I came from a country where cops would torture people to get confessions out
of them. Basically chances were, if they caught you, and they were bored /
were bribed by someone, or just had a bad day, they could make you "confess"
to crimes easily.

One time my friend and I caught a pickpocketer. Pickpocketer's associate
swiped my friend's wallet. There was a group of them, all scattered except
one. We caught him and eventaully ended up with him at a police station. It
was a quiet evening there. One cop even had his 1st or 2nd grader son there
playing around in the hallway. So being bored, the cops decided to get this
pickpocketer to tell them where his buddies are hanging out. They needed the
wallet to officially to charge him so they could arrest him. So to get him to
talk, they asked us to leave the room. Then proceeded to torture him. Holy
crap! I can still hear his pleas for help. What started with us being happy we
caught him and him getting some justice, turned into us feeling pretty sorry
for him... at some point we signed some papers and just left.

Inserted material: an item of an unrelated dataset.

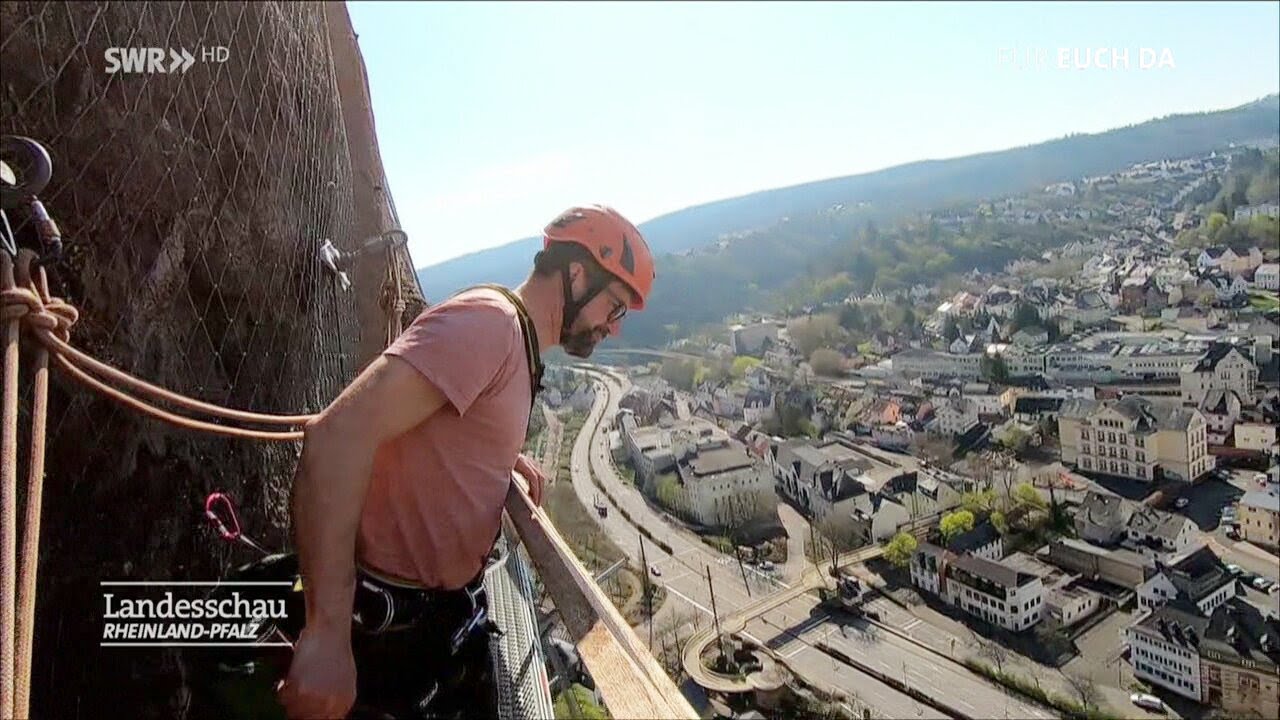 Idar  Oberstein 2020: Die gef&auml;hrliche Arbeit an der Felsenkirche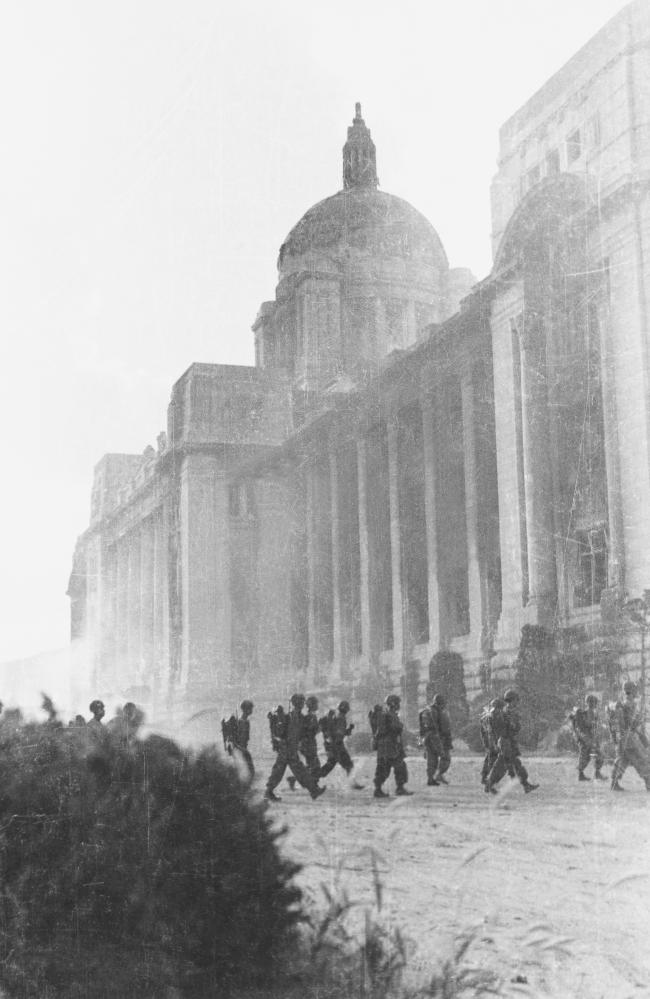 불에 탄 서울 중앙청으로 진입하는 국군 해병대. 1950년 9월 27일.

Long story short, there is a good reason there to be afraid of cops. They are
just like an organized criminal gang are are sanctioned to operate by the law.
You never know what they'll do, they have guns, friends with guns, and could
beat or torture you to death on a whim.

Now it is night and day to what is in this country, and I felt pretty safe in
general around cops here. But in later years, the stories I hear, camera
recordings of cops shooting people, the whole forfeture thing, I see things
slowly start to nudge into a bad direction. I start feeling a little bit more
like I felt there, in the old country.

Also, I can't decide if cops have started to do this more, or that they've
always done but there weren't as many cameras around to record it, and only
the poor people got to experience that side of the "law".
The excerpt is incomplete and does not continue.